Thursday, April 4, 2013


Asian Americans are gearing up for a large immigration reform rally on Capitol Hill next week that will focus opposition on an alleged plan by lawmakers to eliminate family-based visa petitions by US citizens.

Various Fil-Am groups are already mobilizing for the rally scheduled on the West Lawn of US Capitol building from 3-6 PM on Wednesday, April 10.

Two groups – the umbrella National Federation of Filipino-American Associations (NaFFAA) and Washington-based Migrant Heritage Commission (MHC) are urging Filipinos to come out strong for the mass action organized by the Asian American Justice Center, among others.

Anxiety is sweeping the Asian American community because they place heavy premium on the ability to bring relatives to the US. A recent study by the Migrant Policy Institute (MPI) showed over 4 million people have approved petitions for legal permanent residence – mostly from family-based visa categories – but can’t come over because their priority dates have not become current.

Next to natives of Mexico, Filipinos have the longest waiting time that in some categories stretches to over 20 years.  The MPI estimates that based on current quota levels and assuming there are no new petitions filed, it will take the government 19 years to clear this backlog.

Some conservative senators now apparently believe the way to solve the backlog is stopping certain family petitions by American citizens altogether.

Republican Sen. Lindsey Graham, part of the so-called Gang of Eight bipartisan group crafting a proposed immigration reform bill in the Senate said “green cards” should be reserved for the “nuclear family”.

“This is not a family court we’re dealing with here. We’re dealing about an economic need,” he was quoted by the Associated Press. Some say this could eliminate visa categories for adult and married sons and daughters as well as siblings of American citizens.

In California, Asian American groups gathered in Los Angeles’“Filipinotown” to press demands Congress strengthen family reunification as part of a comprehensive immigration reform deal. 

“The immigrant community has made it clear that they want Congress to act on immigration reform now,” said Stewart Kwoh, executive director of the Asian Pacific American Legal Center.

“Our community calls on Congress to protect and affirm family unity in immigration reform legislation. Brothers, sister and adult married children are our family members and must continue to have a path to family reunification,” he stressed.

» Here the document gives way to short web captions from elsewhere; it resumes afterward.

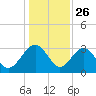 Rt. 170 bridge tide chart for Thursday, December 26, 2024
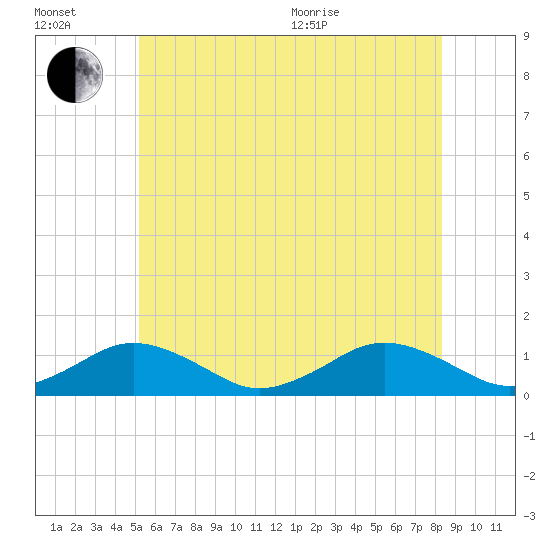Falmouth tide chart for Wednesday, July 2, 2025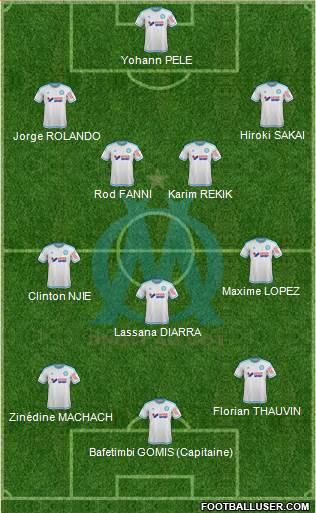 Olympique de Marseille Formation 2016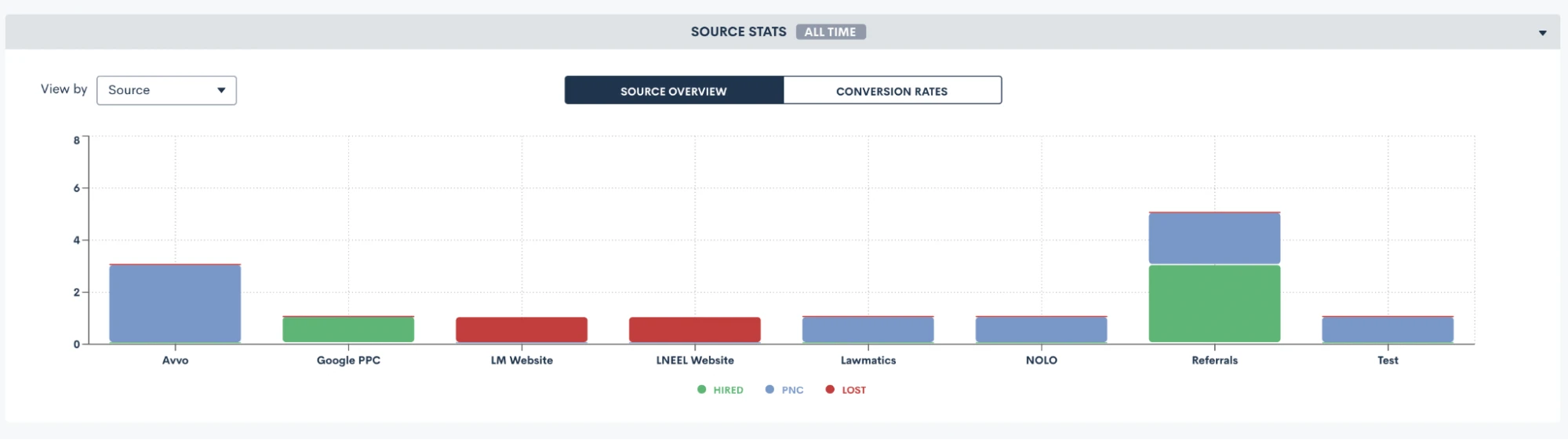 Visual breakdown of the same information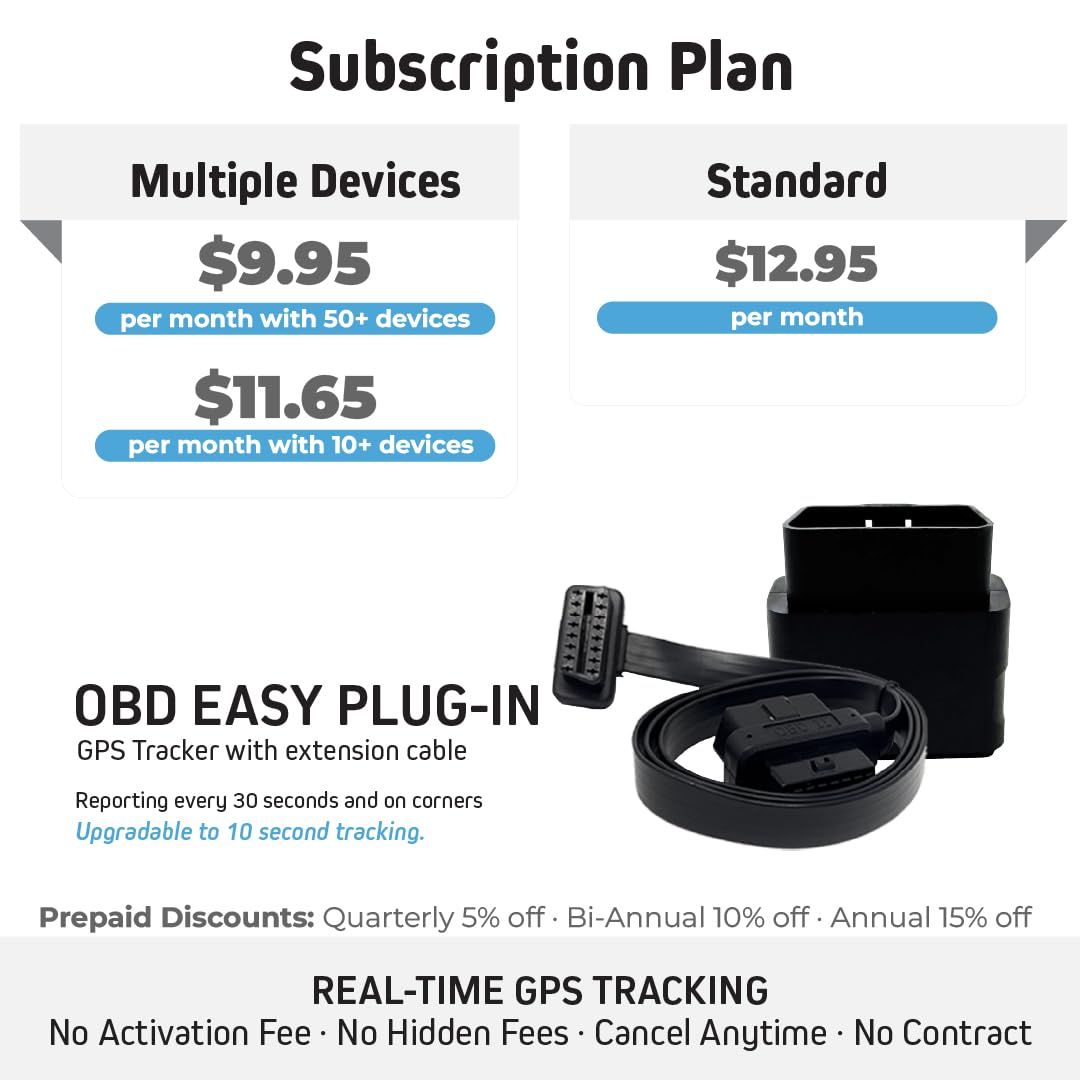 Optimus GPS tracker extension cable included for flexible installation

“We need immigration reform that reunites immigrant families, including LGBT families for the long-term social and economic vitality of our nation,” declared Rep. Judy Chu (27th Dist, CA).

“Family is a cornerstone American value and our nation will be stronger if family unity is protected and strengthened in immigration reform legislation,” she argued.

“We have a historic opportunity to finally address the broken immigration system. For decades waiting has become synonymous with the word immigration to many Filipino families,” said Cynthia Buiza of the Filipino Migrant Center.

“Any immigration reform will not be complete without maintaining the integrity of the family immigration system. Let us put an end to the injustice of waiting,” she exhorted.

Advocates say Graham’s proposal would run counter to the fundamental premise of the Immigration and Nationality Act of 1965 which prioritized families as well as skilled labor in extending residency.